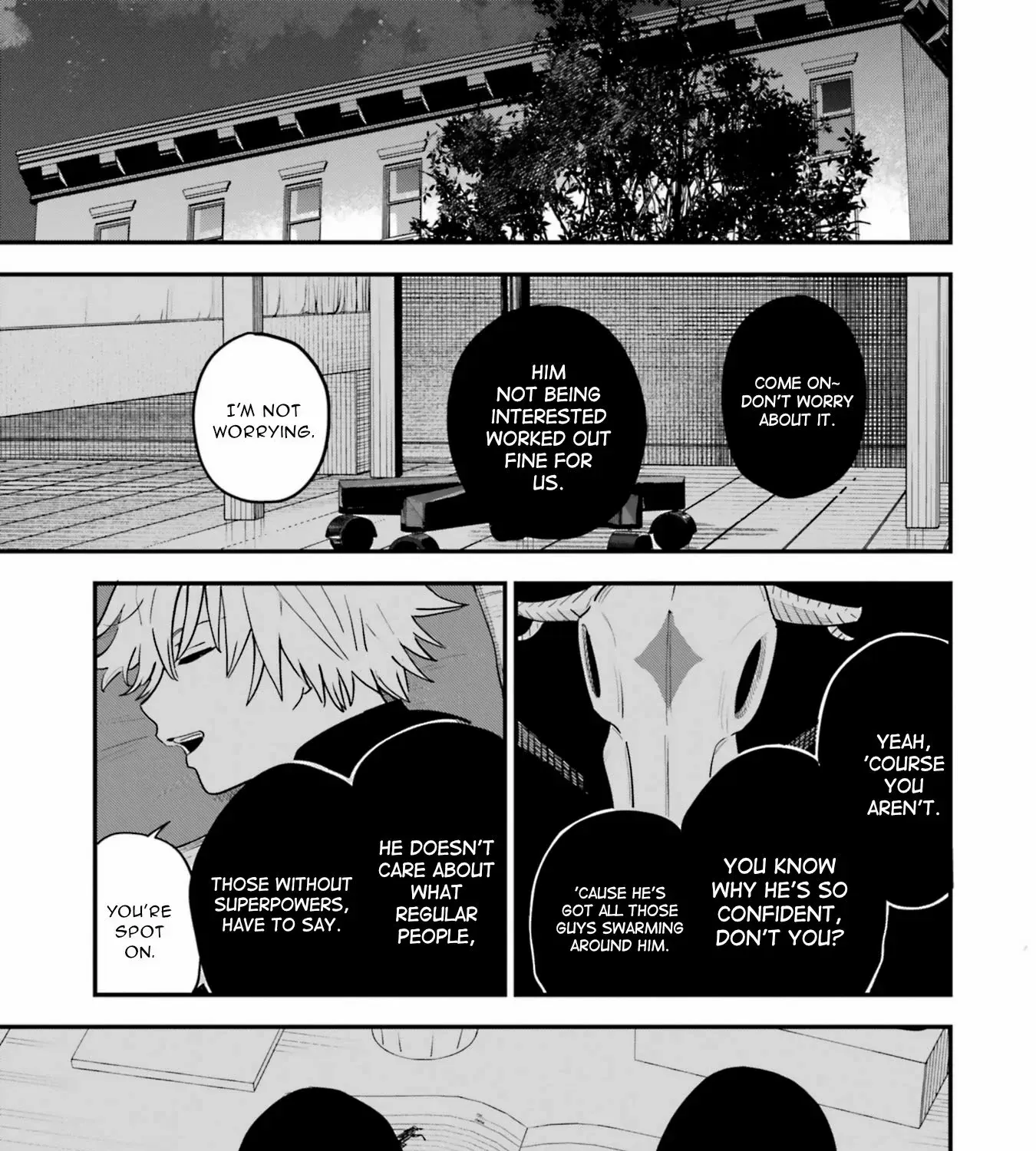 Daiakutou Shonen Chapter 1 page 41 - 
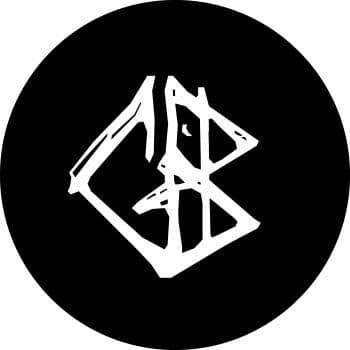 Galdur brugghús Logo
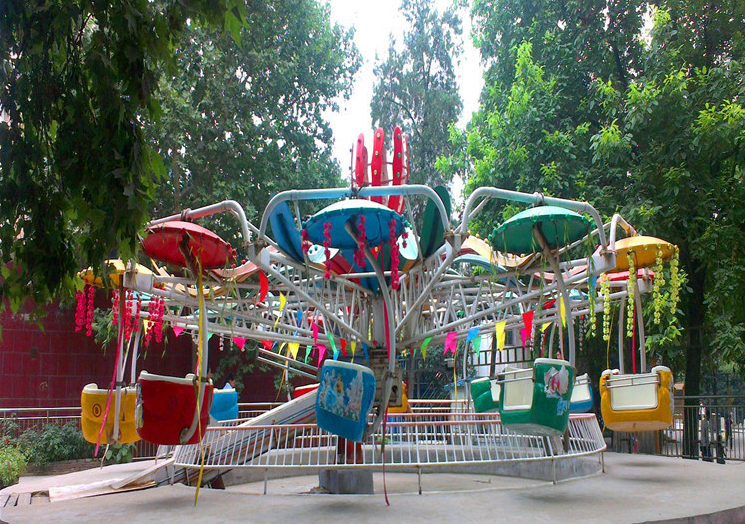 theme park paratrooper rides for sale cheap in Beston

### WORK INSTRUCTION
I'd like the material repeated word for word, without the pictures it holds.

### FINISHED EXERCISE
 Daiakutou Shonen Chapter 1 page 41 - 
 Galdur brugghús Logo
 theme park paratrooper rides for sale cheap in Beston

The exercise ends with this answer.